Chris, you are so right. It is urgent. I wish our mental health care system was better. I thought we had a good thing where we are but now realize that it's time for a huge change. Thanks for the idea of finding a clinical trial. I will be looking into it.

Anonymous said...

I posted many months ago about looking at bipolar with psychotic features. (Could be early onset schizophrenia, but its NOT OCD). I still think you need a new assessment/2nd opinion. A clinical trial would be a mistake at this juncture due to the fact that the focus is on their outcome, not your child's specific needs. Someone else posted find a ped. specialist. Its worth a plane trip at this point.

Jennifer said...

Stacey,

This may be close enough for you to start with:

http://www.cincinnatichildrens.org/svc/alpha/b/behavioral-psych/#clinical

Jennifer said...

Oops - it got cut off, here's the rest of it:

http://www.cincinnatichildrens.org/svc/alpha/b/
behavioral-psych/#clinical

daedalus2u said...

Reading about how hard a time Paige is having just breaks my heart. I have a thought about it, if trying to "fight it" makes it worse, that sounds to me like low nitric oxide causing "fight or flight" reactions which makes it worse. Meditation does raise NO levels. From how you have discussed Paige, she seems like a very self-aware individual, who (even at her age) could learn how to meditate. I think that would be very good for her. Meditation is the opposite of trying to "fight it".
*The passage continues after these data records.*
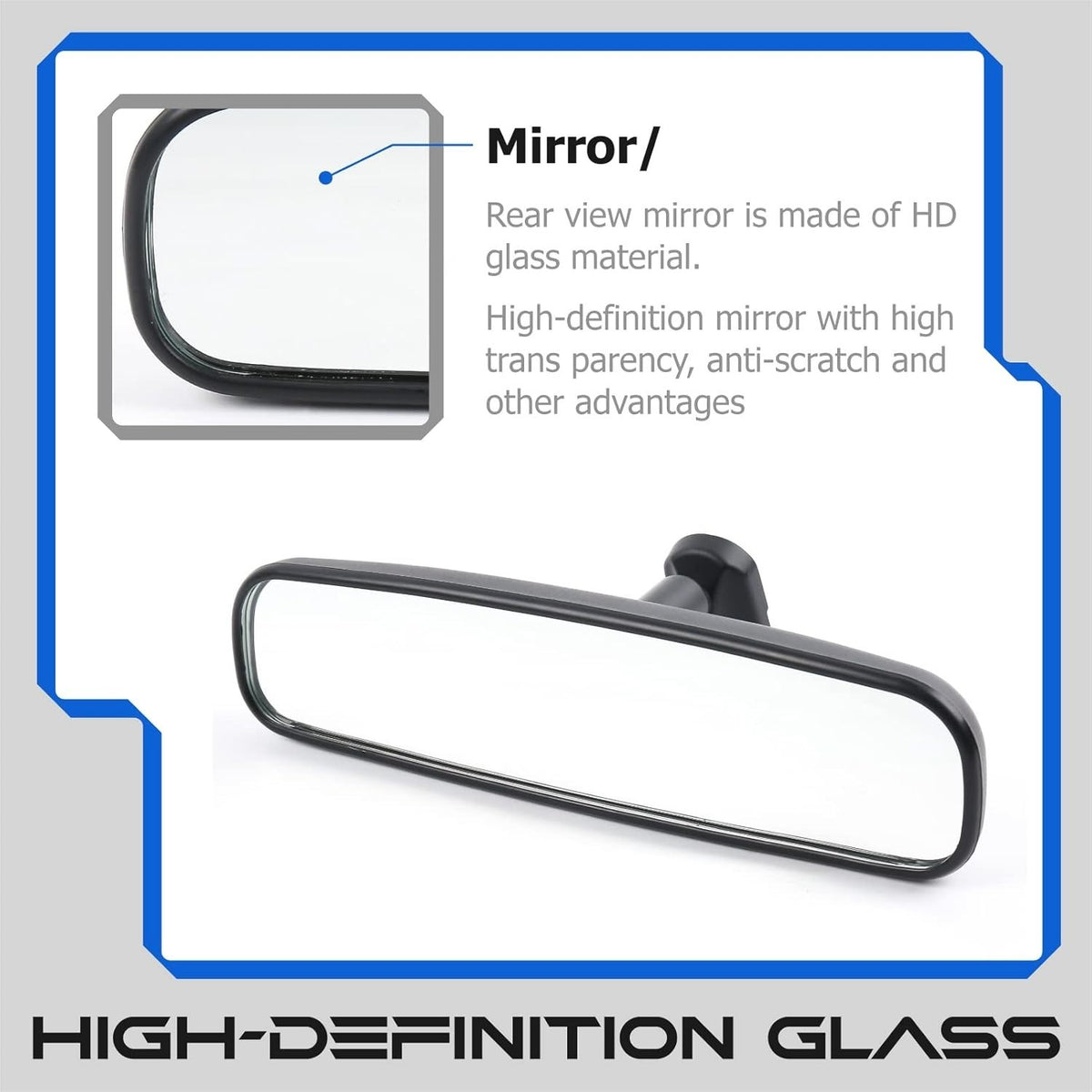 Day Night Interior Rear View Mirror for Nissan Mazda Toyota - OEM Quality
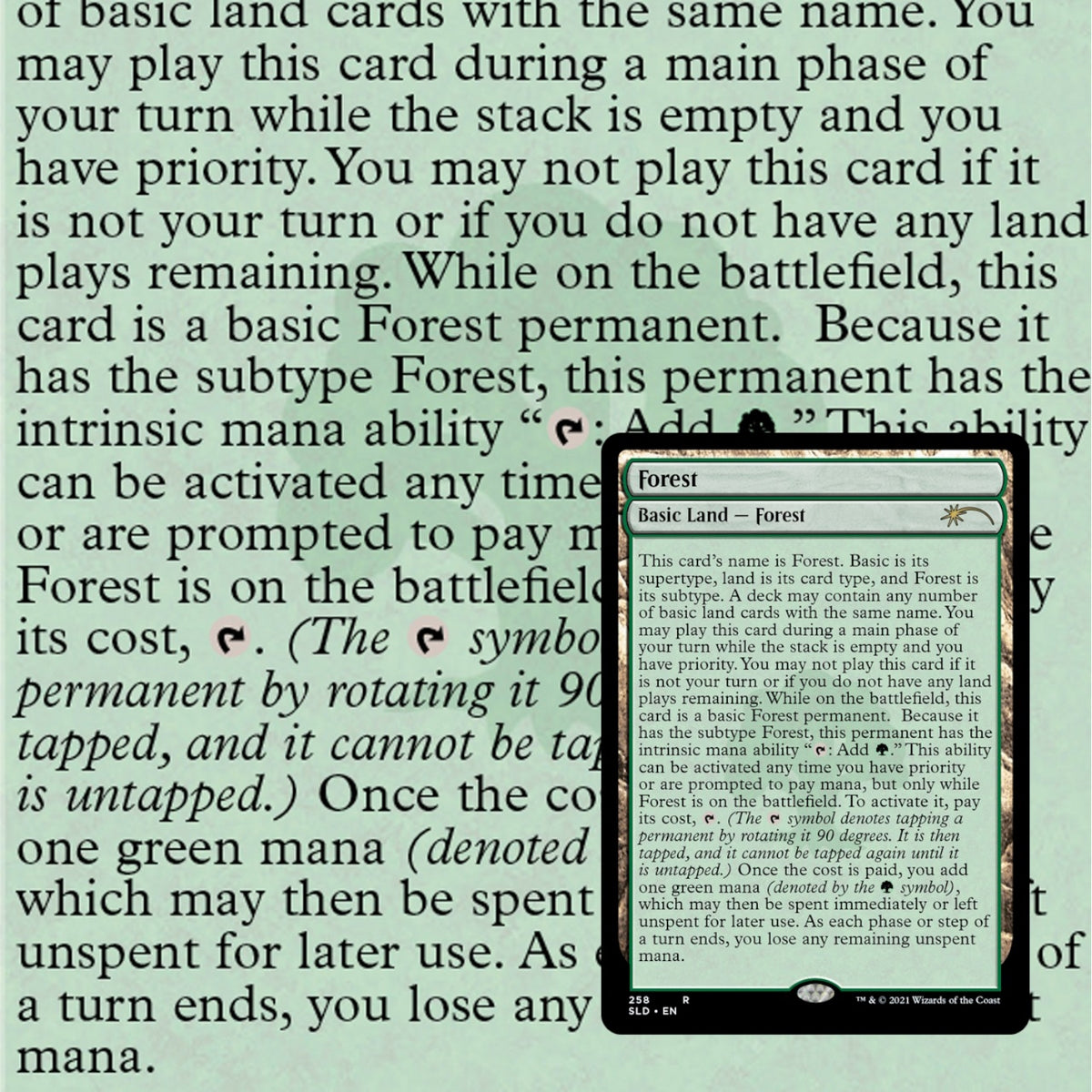 Magic: The Gathering TCG: Secret Lair The Full-Text Lands Card Game Wizards of the Coast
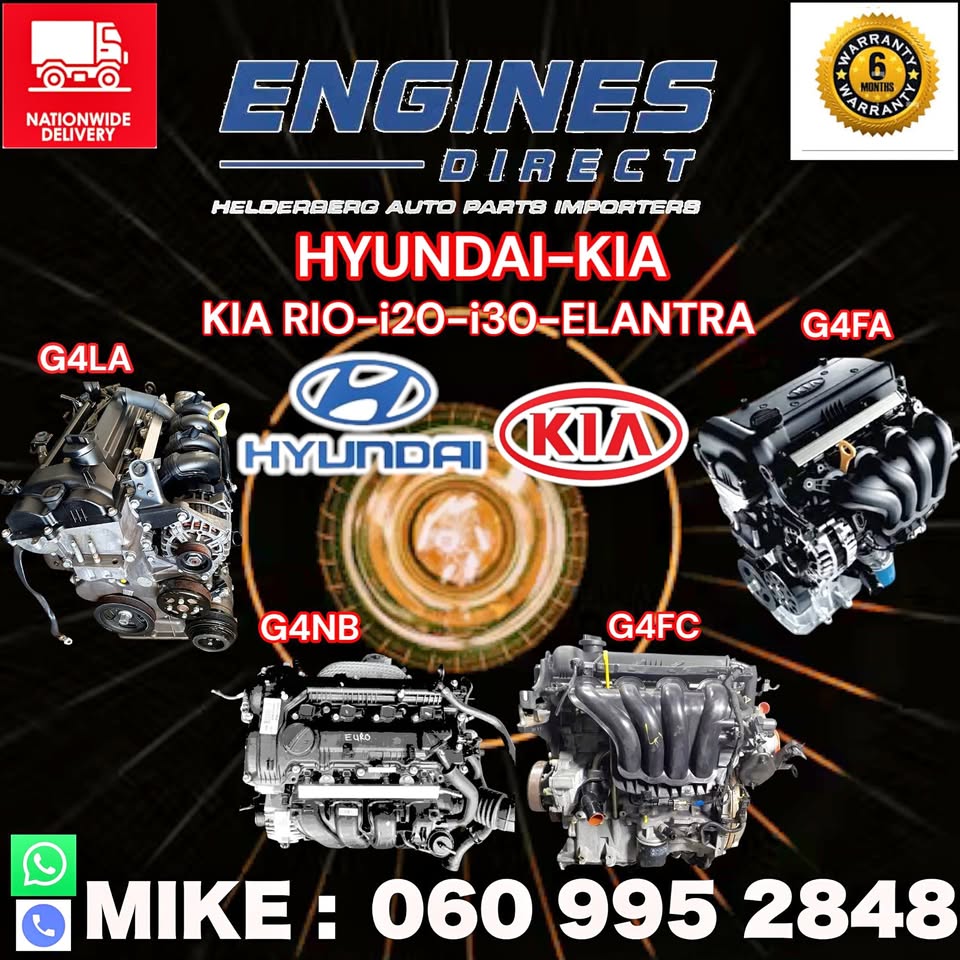 Import-Tested Hyundai G4 Series Engines – G4LA, G4FA, G4FC, G4NB – Quality Guaranteed - Private Seller Import-Tested Hyundai G4 Series Engines – G4LA, G4FA, G4FC, G4NB – Quality Guaranteed - Private Seller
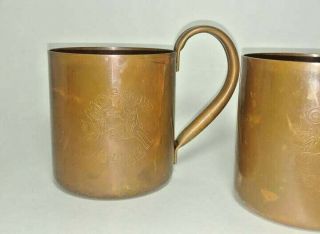 Vintage Moscow Mule Copper Cup Cock N Bull product Set of 2 5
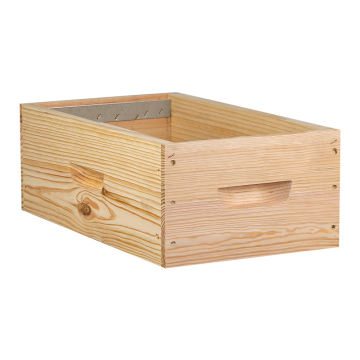 Haussette dadant 6 cadres mi-bois en pin maritime - bandes lisses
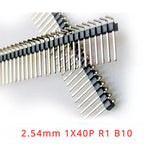 10pcs 2.54mm 1x40P Right Angle Extend Extra Long B6-12mm 90d R1 R2 Gold plated Single Row Cuttable PCB Male RA Pin Header Jumper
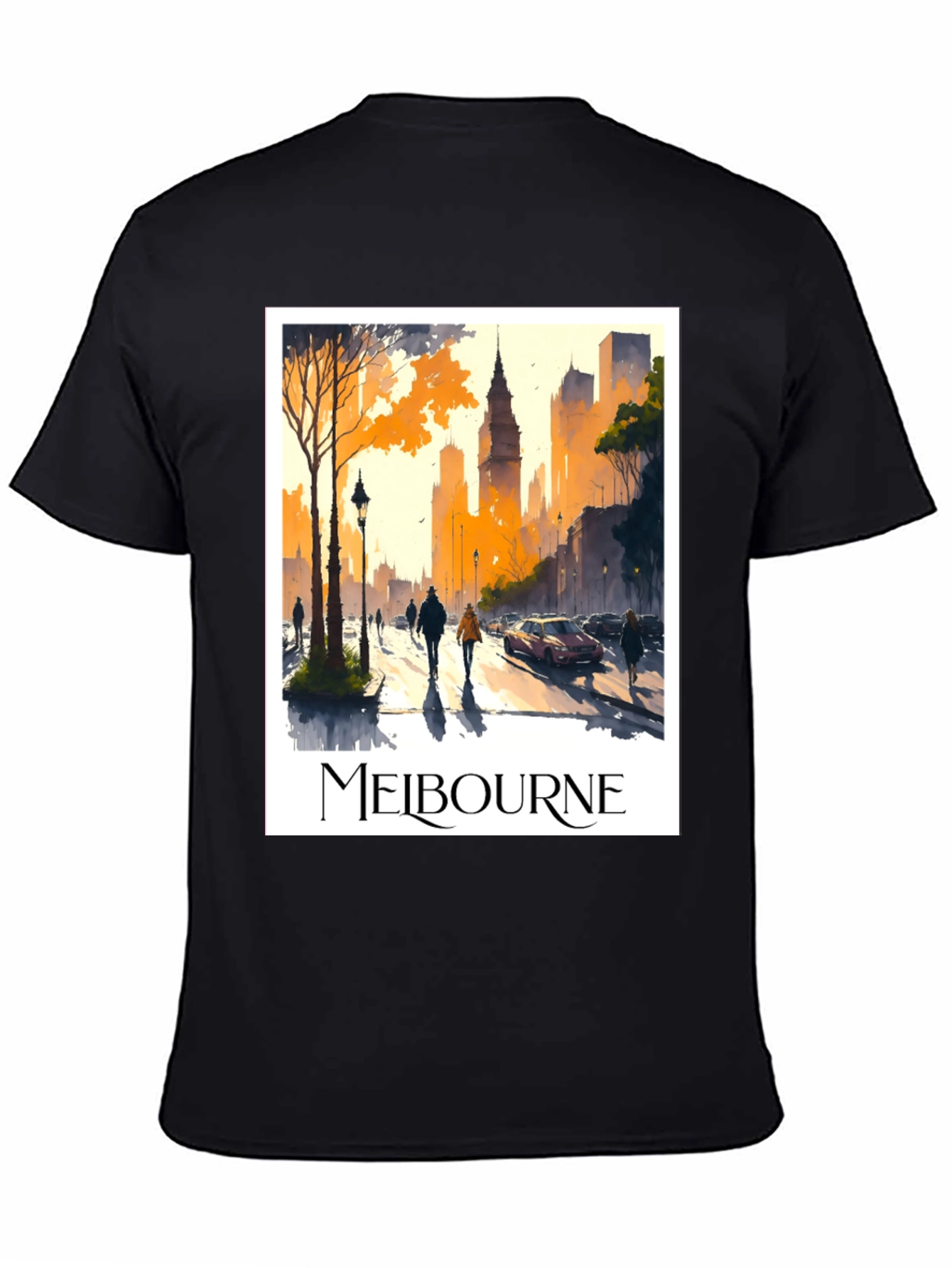 Melbourne Cityscape T-Shirt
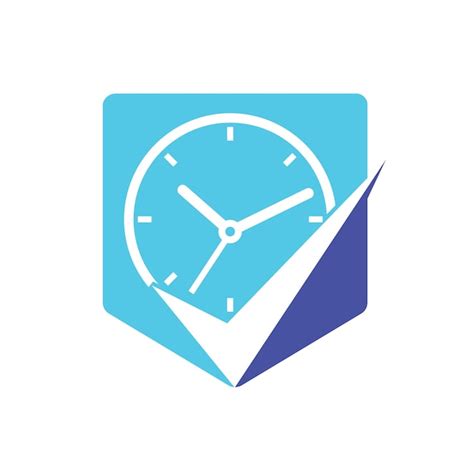 Premium Vector | Time management vector logo template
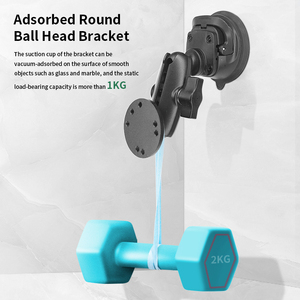 Black iPad Suction Mount Stand <b>Tablet</b>/Phone <b>Holder</b> with Suction Cup for iPad for Window Bathroom Mirror or <b>Car</b> Black - Product Image 3
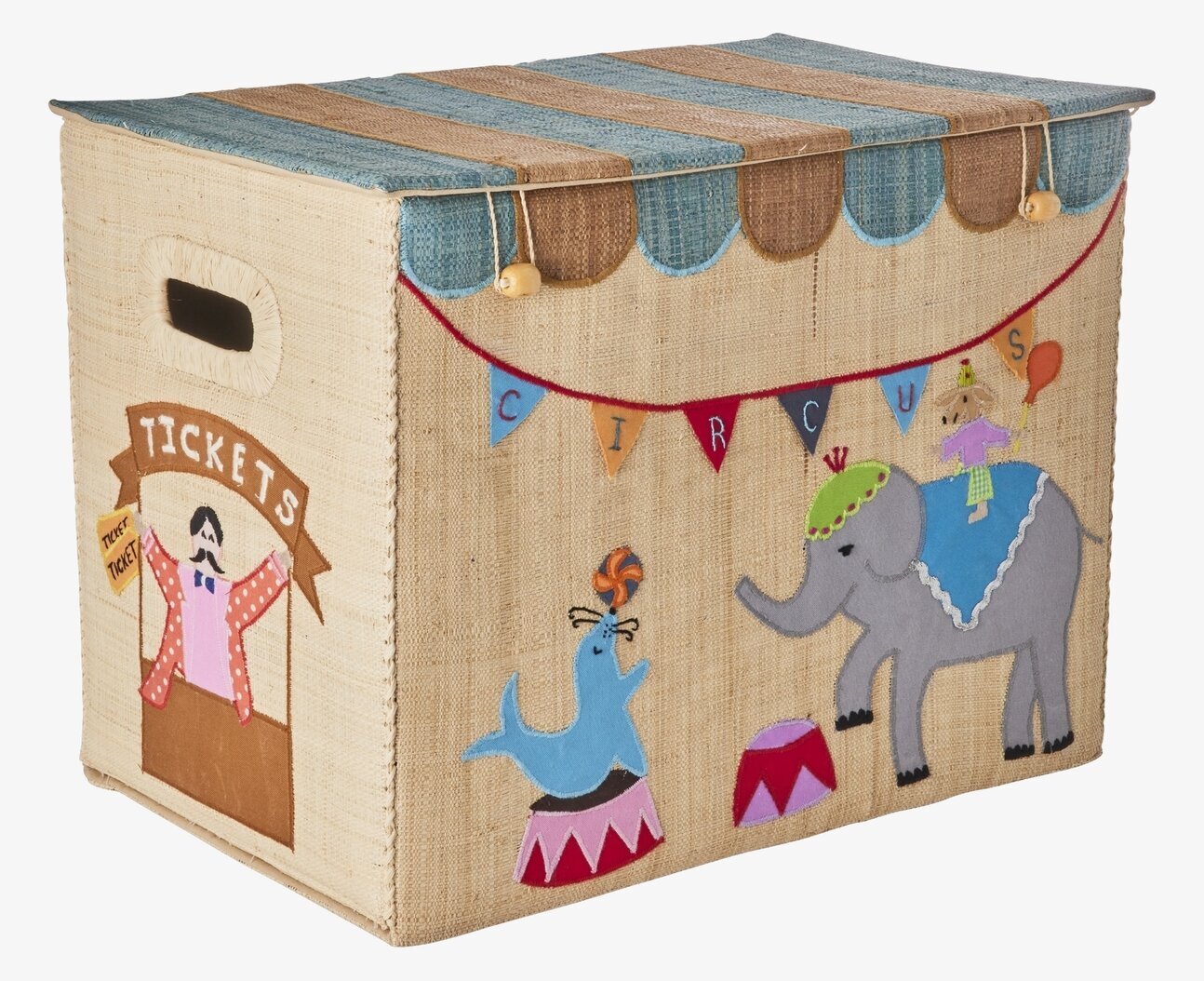 Förvaringskorg Circus Theme Large från Rice med cirkusmotiv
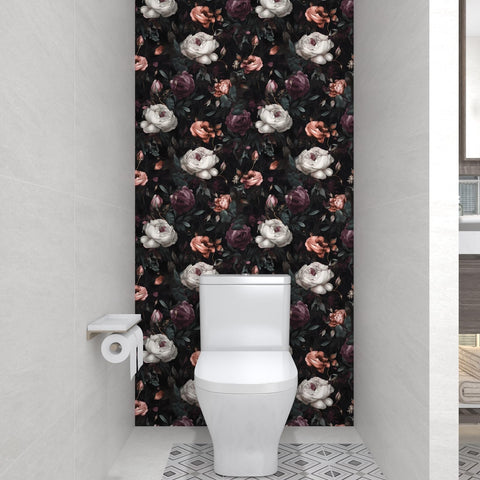 Laatse boho floral wallpaper ideal for living rooms and bedrooms.
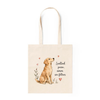 Tote Bag de Algodón con Perro "Lealtad Pura, Amor Sin Filtros"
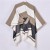 woman shawl occidental style fashion brief color belt wind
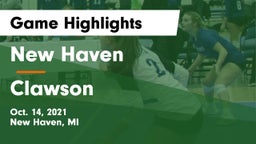 New Haven  vs Clawson  Game Highlights - Oct. 14, 2021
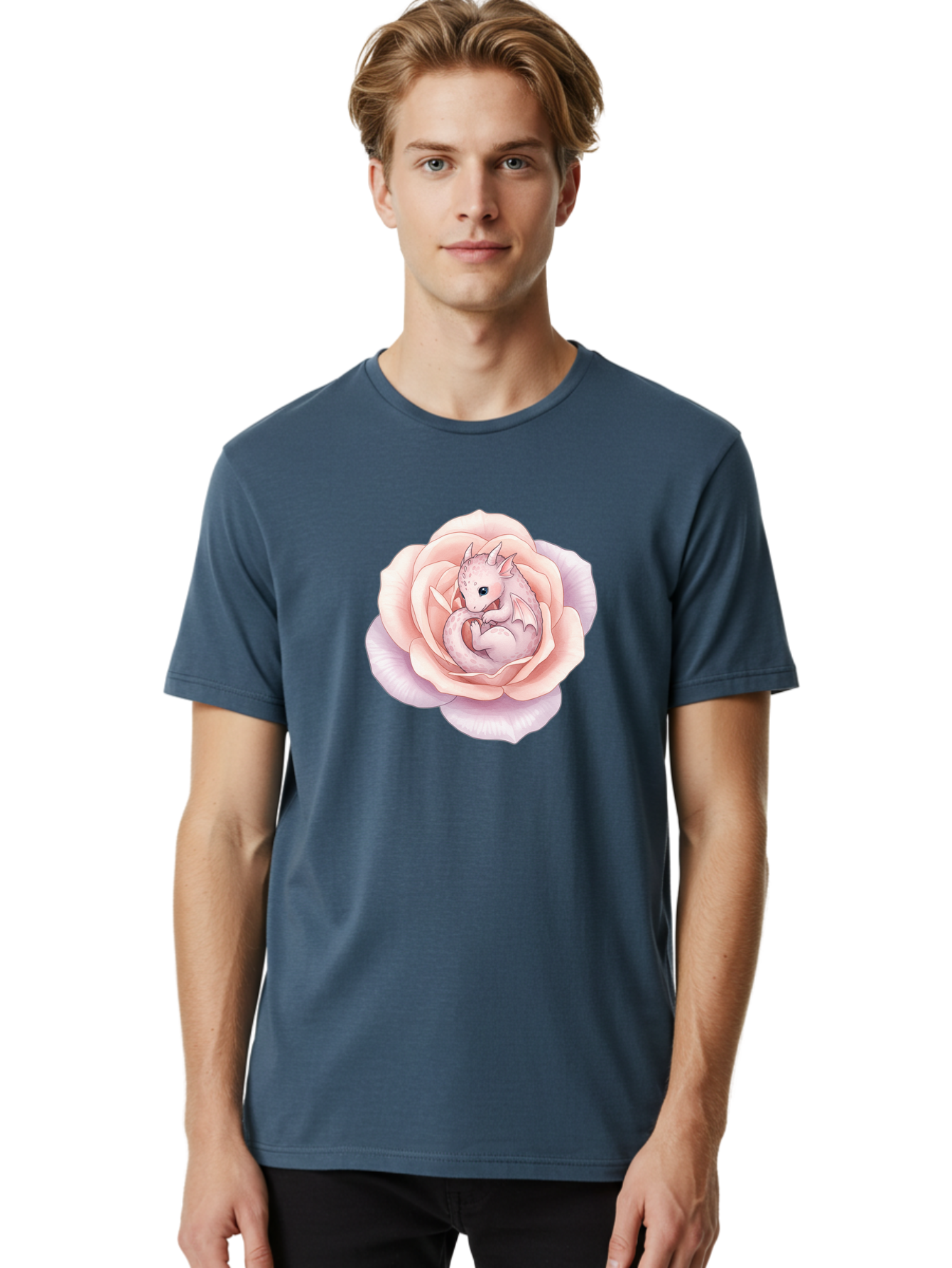 Dragon-In-Rose-3 Men'S Graphic Tee, 100% Cotton, Comfortable Casual Summer Wear, Machine Washable, Vintage Camera, Old Camera, Antique Camera, Black Camera, Classic Photography, Photography Equipment, Nostalgic Device, Film Camera, Camera Art Bak466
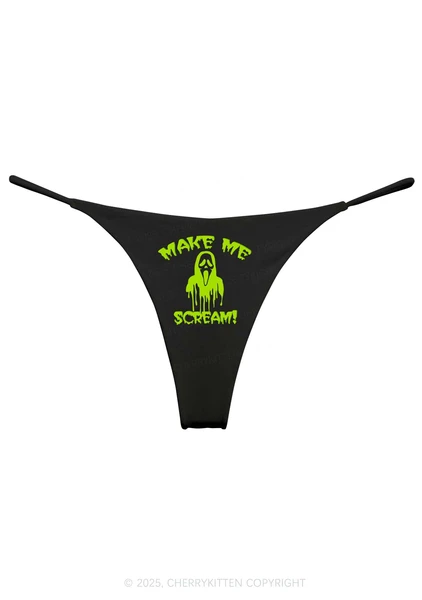 Halloween Make Me Scream Y2K Bikini String Thong Cherrykitten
ThePreemie Experiment said...

Update... after seeing both her psychologist (who did a suicide assessment which showed she was not at risk) and her psychiatrist, we have agreed to increase her meds.

Paige talked to both docs and explained that she felt that nothing was working. Both docs feel that it is chemical in nature and not behavioral. She explained that she does not want to die and hates the thoughts.

She identified them as "thoughts" and not voices. She fully understands that they are thoughts from her own mind and not voices planted there (like schizophrenia).

Her psychiatrist told her that he was impressed with her ability to fight for herself with regards to her care. She is so self aware and can easily and accurately tell the docs what she is feeling.

Although the psychiatrist gave us the option of either going up on the Zoloft or adding something like Respidol, we chose to increase the Zoloft. Paige hated Zyprexa, which is in the same class as Respidol. While on Zyprexa, she told the docs "it felt like someone poured cement in my brain". She asked that we not go down that road again. We agreed but both the doc and I told her that we would consider the Respidol if she couldn't resist the dangerous actions she was taking to make her thoughts go away.

She left there with a lot of hope because the psychiatrist told her that about 80% of people find relief once they find the right dose of meds. He was careful to tell her that she will always have the OCD but wanted her to know that she may be able to get to a point that the "thoughts" are not bothersome.

He also told her that there are many others out there like her, have OCD and are intelligent. I think she was afraid that she would wake up one day and not be smart anymore.

All in all, we seem to be back on track. She knows that it will be a rough next few weeks, as she goes up on her Zoloft. She always has behavior issues during the transition time.

But, she is ready to fight again, feeling as empowered as she used to feel!

That's my Paige!!

ThePreemie Experiment said...

I forgot to add, thank you to all who commented here and sent private emails.

I truly appreciate the support!!

Stacy

Flora said...

FWIW neither of my guys have found that risperidone had serious side effects. I hope that if you have to go there, that Paige finds the same thing. We do very small doses and it makes a world of difference.